QQ, what is the threshold of a good eval. Shall we just use common sense to tell if the output makes sense or not? @jaysonfrancis

jaysonfrancis · 2024-10-25T21:16:42Z

@fduwjj Initially yes. Most require enabling distributed inference to be useful, but sharing my thoughts below;

SW/HW Integrity; Receiving a response without errors (binary)
Model Integrity; Receiving a response that makes sense (qualitative). Receiving a deterministic and expected response (e.g match cached responses after sw/hw/driver or unrelated model updates)
Tokenization consistency; special tokens being parsed, in/out token counts match expectations.
Checkpoints; converted, pruned and/or manipulated weights load & fwd pass w/o errors (also helpful for continued pre-training)
Stress test/sizing of max seq lengths; mem utilization vs sequence length given network arch & compute budget
Distributed Inference; devices/comms working for native PP/TP and showcasing perf benchmarks
Evals; batch inference to support train-time eval loops for collecting early proxy metrics other then NLL

fduwjj · 2024-10-25T21:19:35Z

@jaysonfrancis thanks for your answer, do we expect the pretrained model actually to offer meaningful answers always? If so, why people still do lots of fine tune and RL learning?

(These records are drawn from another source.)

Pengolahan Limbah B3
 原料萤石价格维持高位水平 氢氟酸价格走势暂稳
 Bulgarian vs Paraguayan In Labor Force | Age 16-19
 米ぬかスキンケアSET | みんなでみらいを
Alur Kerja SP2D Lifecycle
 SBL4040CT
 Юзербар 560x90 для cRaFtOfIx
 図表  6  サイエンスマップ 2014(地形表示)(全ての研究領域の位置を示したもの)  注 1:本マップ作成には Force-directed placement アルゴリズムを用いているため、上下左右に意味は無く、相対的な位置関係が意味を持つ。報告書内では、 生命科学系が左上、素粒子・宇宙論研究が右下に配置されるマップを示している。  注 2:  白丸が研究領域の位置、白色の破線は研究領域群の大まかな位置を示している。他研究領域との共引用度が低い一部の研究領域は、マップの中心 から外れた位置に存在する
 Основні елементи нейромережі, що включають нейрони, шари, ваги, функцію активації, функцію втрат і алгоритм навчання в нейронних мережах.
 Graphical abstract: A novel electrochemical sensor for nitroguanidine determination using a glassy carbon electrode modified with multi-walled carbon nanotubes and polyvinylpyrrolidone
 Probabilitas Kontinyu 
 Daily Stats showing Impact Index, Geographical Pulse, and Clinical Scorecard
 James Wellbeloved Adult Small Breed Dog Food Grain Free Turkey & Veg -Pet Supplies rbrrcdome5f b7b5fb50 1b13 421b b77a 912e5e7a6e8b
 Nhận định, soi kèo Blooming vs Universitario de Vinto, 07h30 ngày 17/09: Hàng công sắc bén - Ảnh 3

jaysonfrancis · 2024-10-25T21:42:55Z

Thanks @fduwjj -- Hmm depends on the downstream task, there may be use cases that want to infer natively from the underlying data distribution alone without any external biases from instruct/reward tuning.

Anyways, my thoughts for this we're more focused on test-driven generation and catching any issues that may go unnoticed during dev.

fduwjj · 2024-10-25T23:29:23Z

@jaysonfrancis Maybe can you kindly add documentations on the rationale and user manual on how to run this generate. So that folks know how to use it, what it is used for and how to tell the check is successful or not. WDYT?

tianyu-l

Thank you for putting up the scripts! Looks awesome in general. I had some questions.

test/generate/test_generate.py

test/generate/generation.py

test/generate/test_generate.py

jaysonfrancis · 2024-10-30T03:43:01Z

Thank you for putting up the scripts! Looks awesome in general. I had some questions.

@tianyu-l @fduwjj Thank you for review. Looking to support TP, will see how far I can get 😶‍🌫️ – I'll follow up with a doc/use shortly after

jaysonfrancis · 2024-10-31T03:05:58Z

Question regarding multi-device generation (cc @tianyu-l @fduwjj)

I've got a solution working with TP, but I had to avoid sharding inputs along sequence dims (including norms) due to prompt length increasing at each step.

In order to avoid making code changes , I can just apply custom plan within this script. I can also utilize a boolean if we'd like.

Curious for your thoughts or if I missed something. Thanks!

tianyu-l · 2024-10-31T03:39:34Z

In order to avoid making code changes , I can just apply custom plan within this script. I can also utilize a boolean if we'd like.

For that we can have a boolean config training.enable_sequence_parallel. But I didn't understand why

I had to avoid sharding inputs along sequence dims (including norms) due to prompt length increasing at each step.

Could you elaborate a bit?

cc: @kwen2501 on distributed inference in torchtitan with a minimal script.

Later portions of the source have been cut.